Write out exactly every line from the one containing "myPhone Rumba 2" through the final line of the material below, both included. Pictures are to be skipped.

━━━━

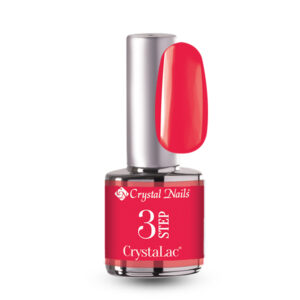 Crystal Nails 3 STEP CrystaLac - 3S154 (4ml)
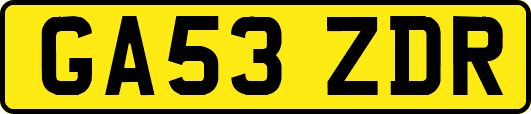 GA53ZDR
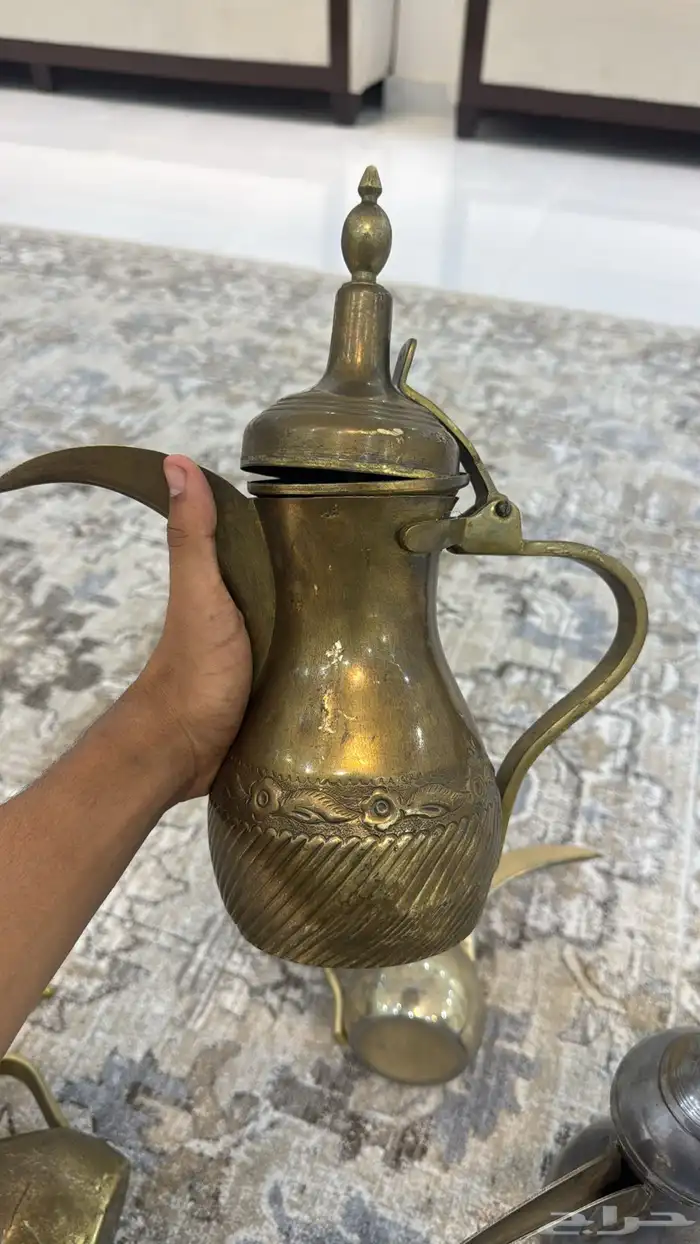 دله حق قهوه قديمه للبيع سوم مفتوح 7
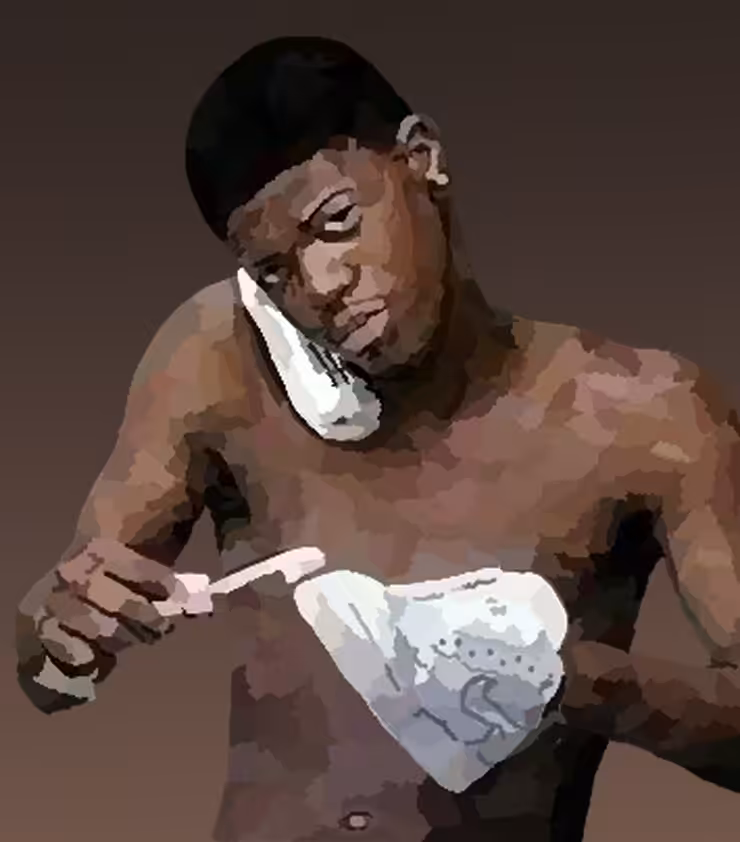 "KEEP IT CLEAN"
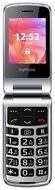 myPhone Rumba 2 2,4" fekete mobiltelefon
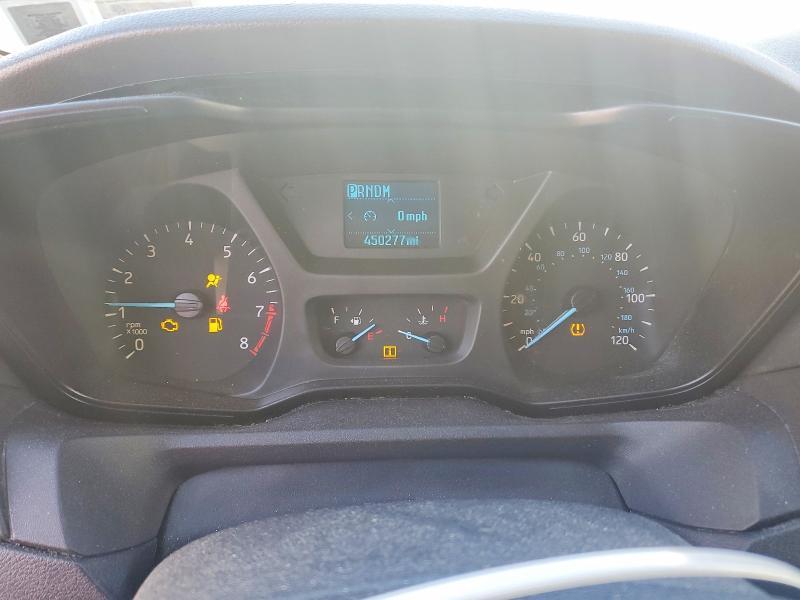 2019 Ford Transit T-250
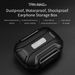 100% Dustproof Waterproof Shockproof Earphone Storage Box_voghion.com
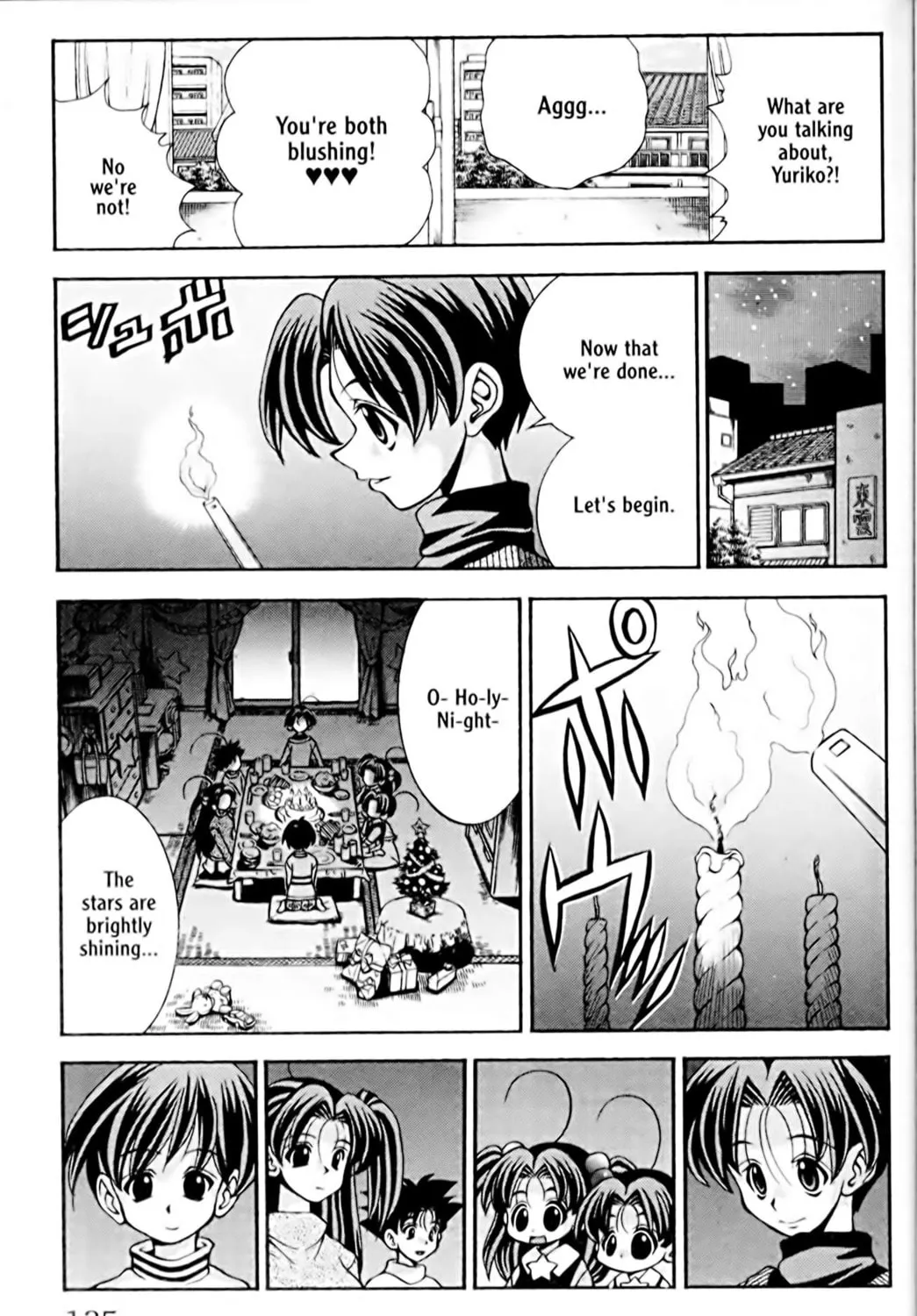 Read Eiken chapter 32 image 20 on Lezhin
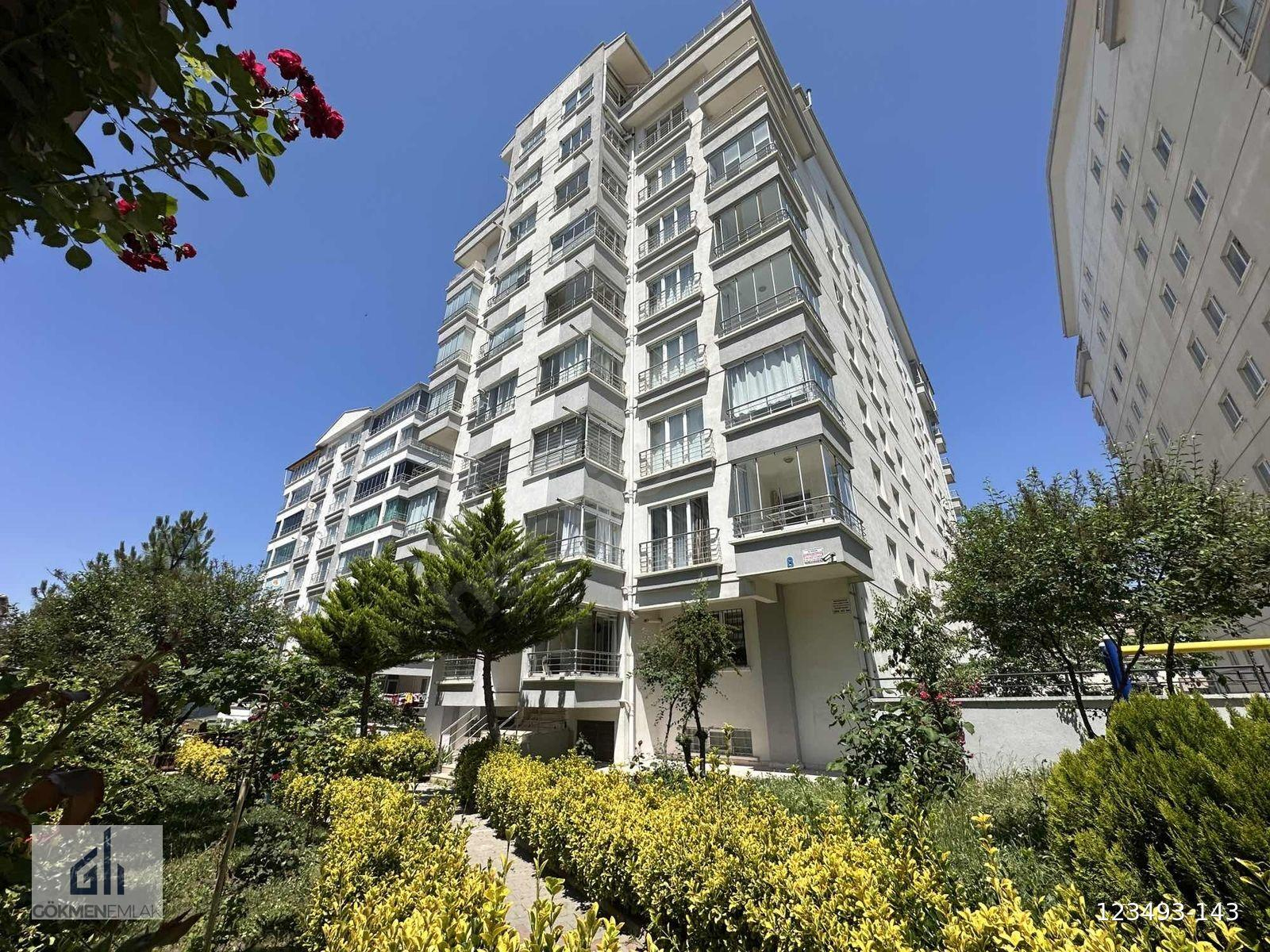 SİTE İÇERİSİNDE GENİŞ YAŞAM ALANI SUNAN 3+1 DAİRE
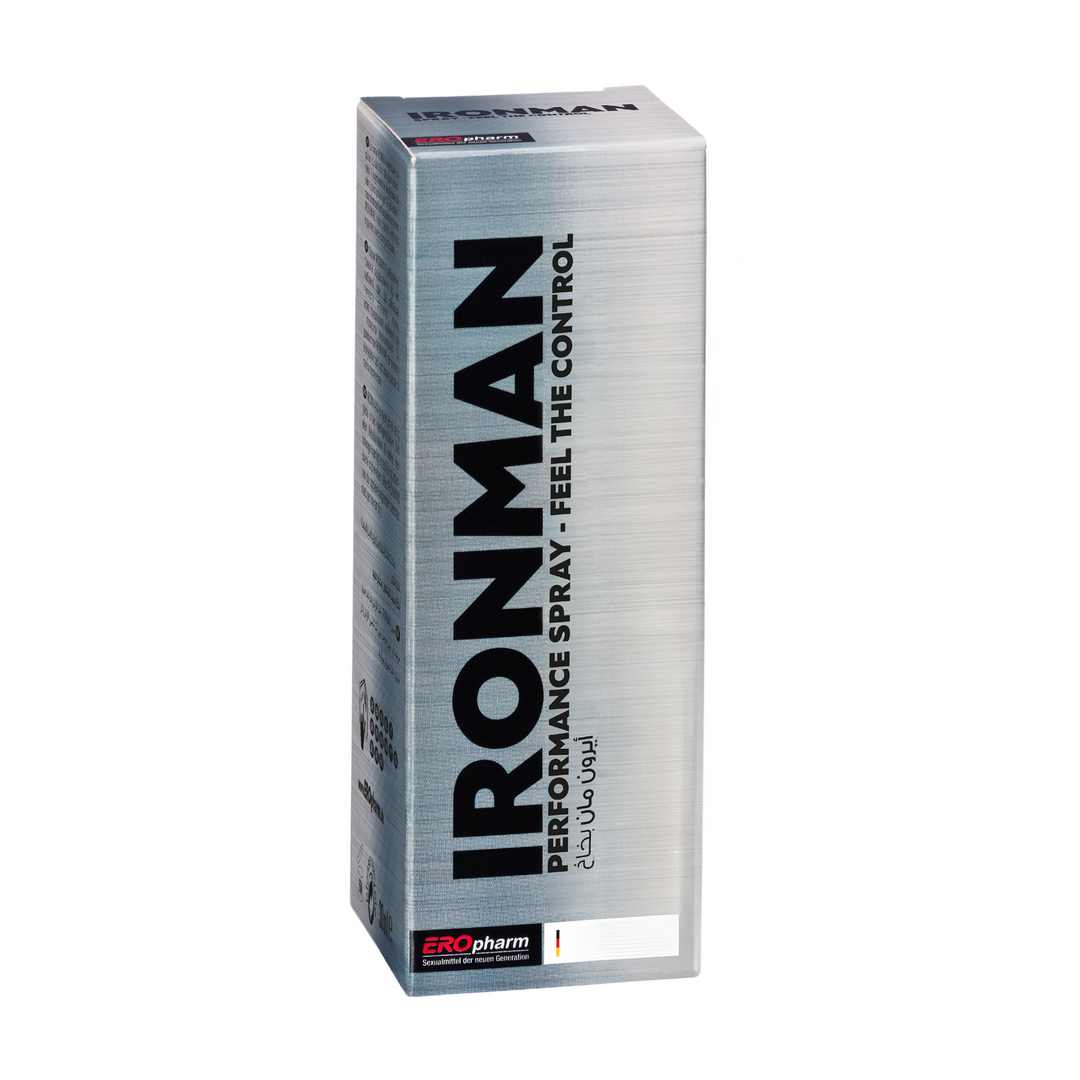 Ironman - Performance Spray - 1 fl oz / 30 ml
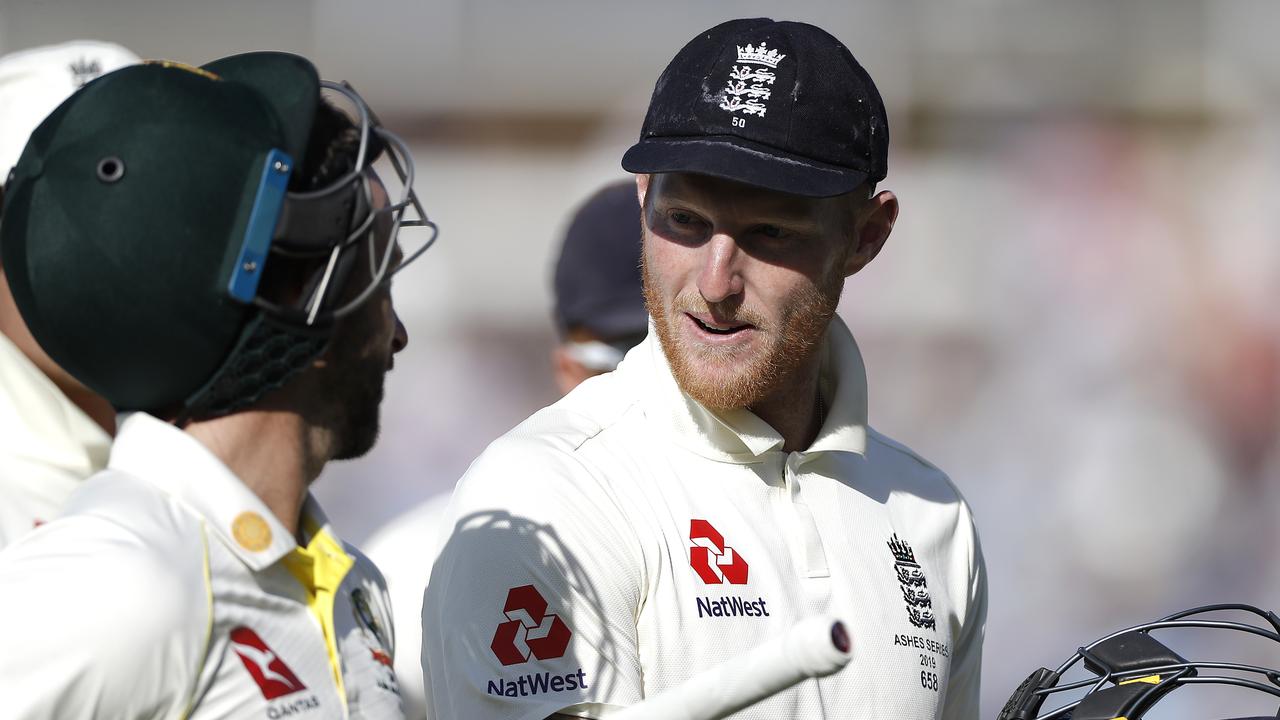 Stokes admits he’s been through a tough time recently.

━━━━

**Exercise answer:**
 myPhone Rumba 2 2,4" fekete mobiltelefon
 2019 Ford Transit T-250
 100% Dustproof Waterproof Shockproof Earphone Storage Box_voghion.com
 Read Eiken chapter 32 image 20 on Lezhin
 SİTE İÇERİSİNDE GENİŞ YAŞAM ALANI SUNAN 3+1 DAİRE
 Ironman - Performance Spray - 1 fl oz / 30 ml
 Stokes admits he’s been through a tough time recently.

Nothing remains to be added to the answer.